* **Problem details**: For this listing, reproduce the line with "Portrait of young", the line with "Stacks of bowls", and the lines between, exactly as they stand. Leave out pictures and all other lines.

* **Supplied data**:
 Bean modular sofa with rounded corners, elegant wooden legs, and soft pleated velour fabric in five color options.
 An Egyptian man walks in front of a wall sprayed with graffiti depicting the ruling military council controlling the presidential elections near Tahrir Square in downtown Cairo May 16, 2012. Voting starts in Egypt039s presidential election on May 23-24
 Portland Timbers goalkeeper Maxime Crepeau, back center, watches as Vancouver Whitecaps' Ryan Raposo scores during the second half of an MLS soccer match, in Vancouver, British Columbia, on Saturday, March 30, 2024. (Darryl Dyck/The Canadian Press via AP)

* * *

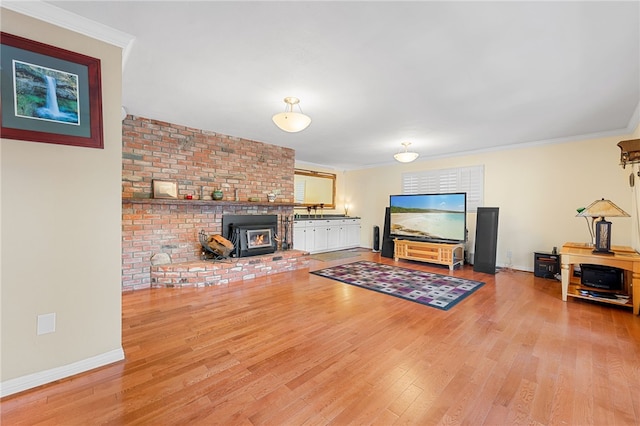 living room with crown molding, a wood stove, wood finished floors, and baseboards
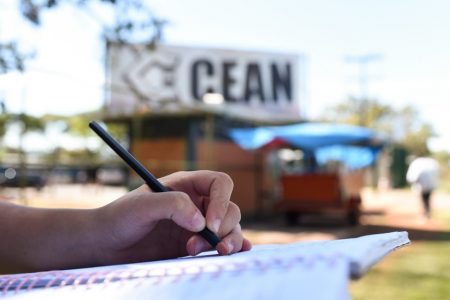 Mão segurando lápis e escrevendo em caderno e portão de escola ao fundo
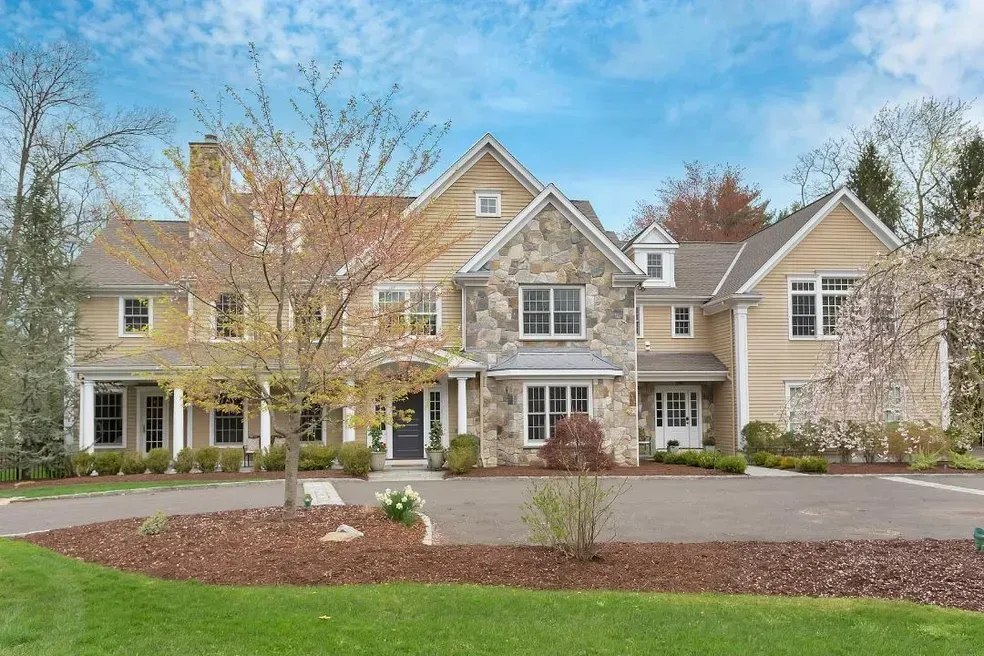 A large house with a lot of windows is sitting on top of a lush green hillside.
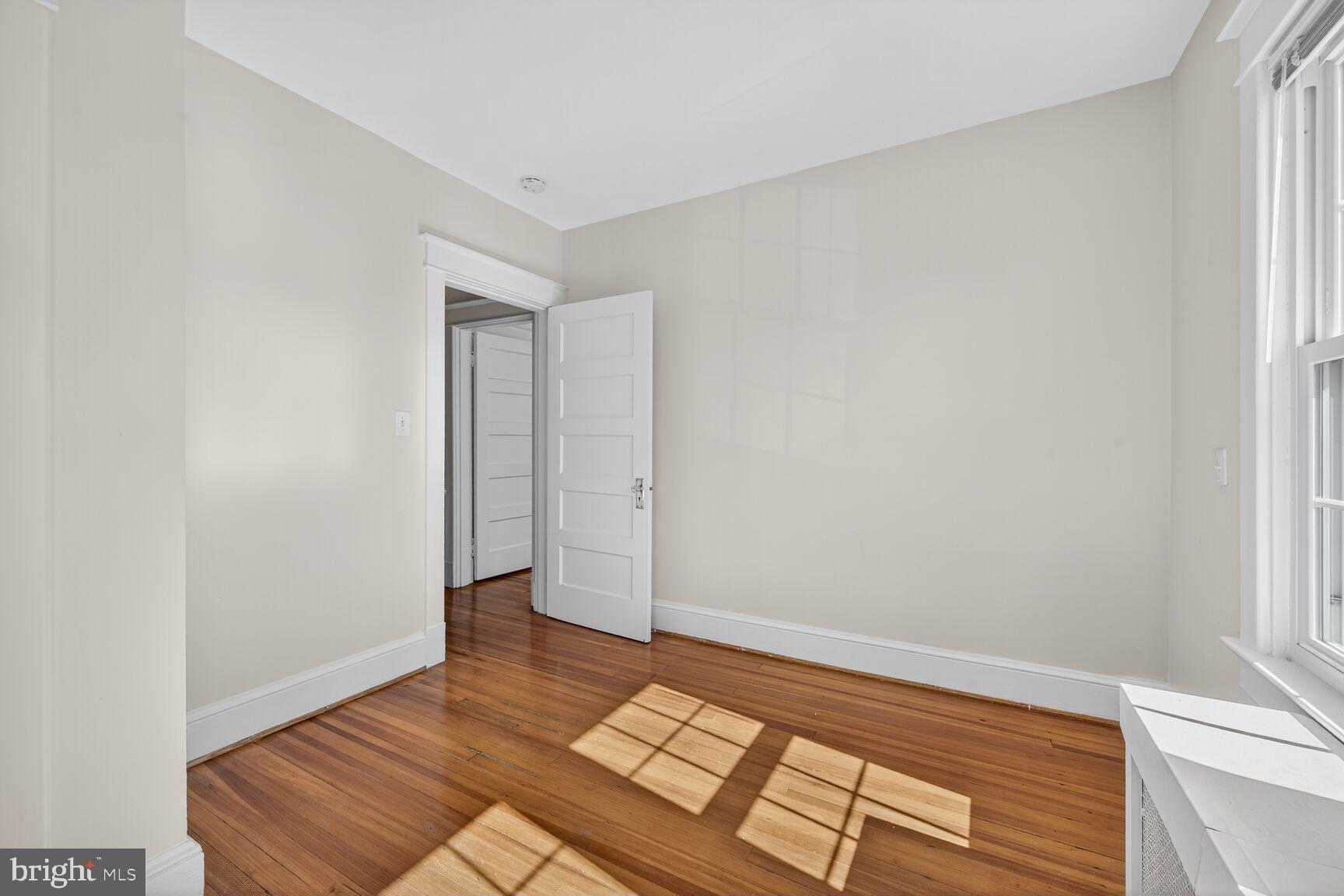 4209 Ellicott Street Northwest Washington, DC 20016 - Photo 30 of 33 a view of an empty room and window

--

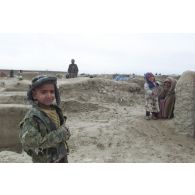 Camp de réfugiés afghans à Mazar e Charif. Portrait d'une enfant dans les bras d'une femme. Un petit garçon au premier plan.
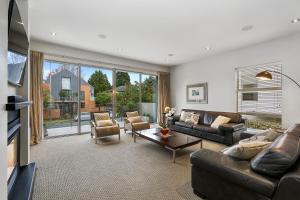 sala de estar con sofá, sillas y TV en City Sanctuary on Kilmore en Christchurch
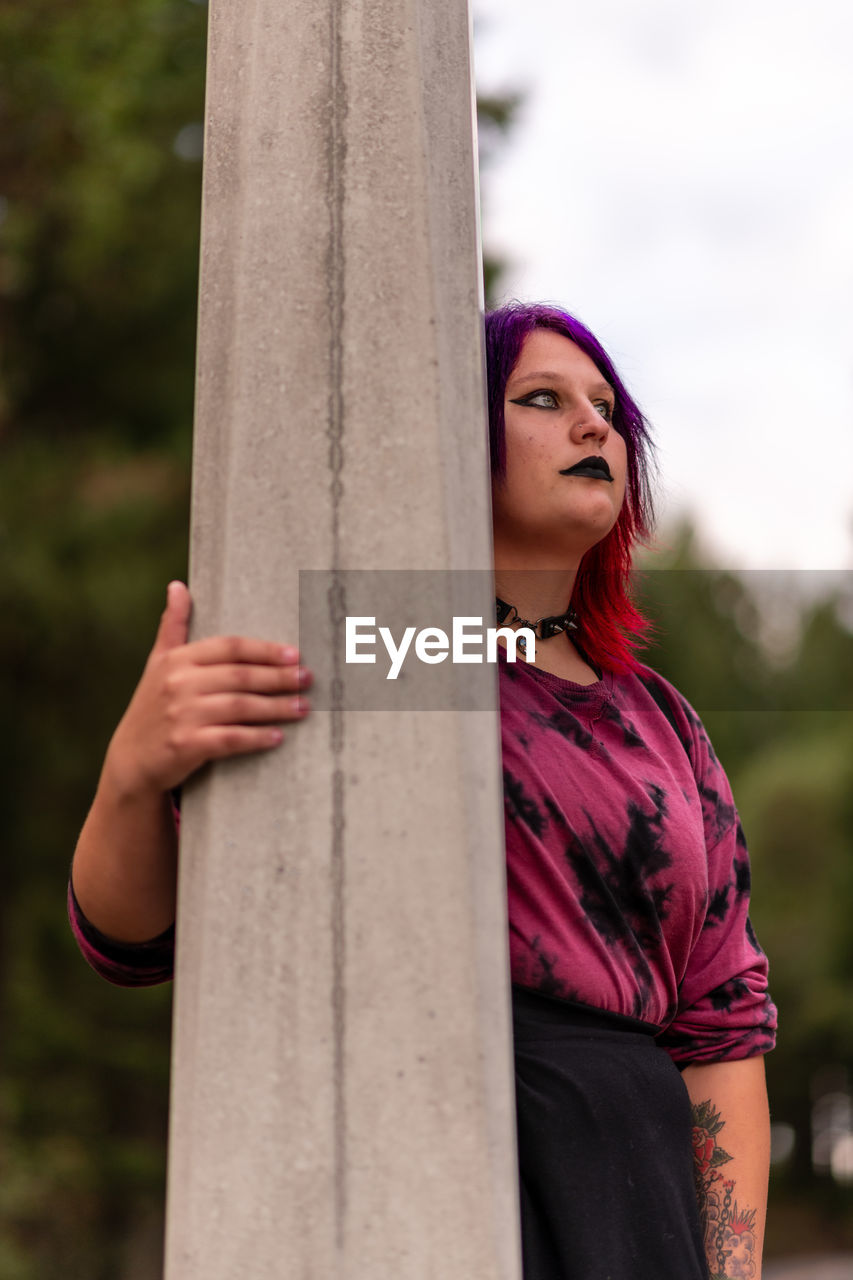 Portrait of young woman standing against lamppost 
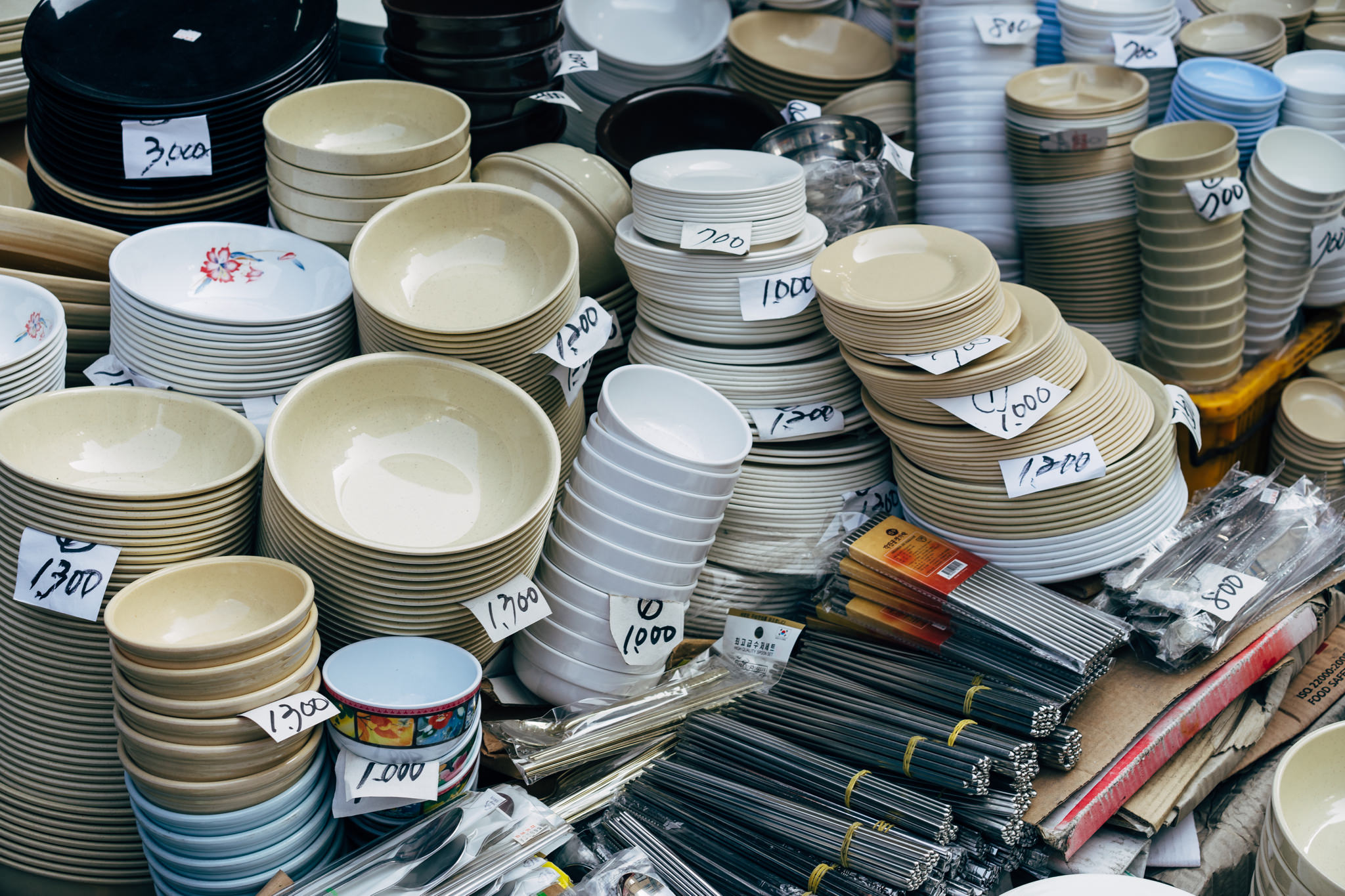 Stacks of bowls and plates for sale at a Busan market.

* **Task result**:
 Portrait of young woman standing against lamppost 
 Stacks of bowls and plates for sale at a Busan market.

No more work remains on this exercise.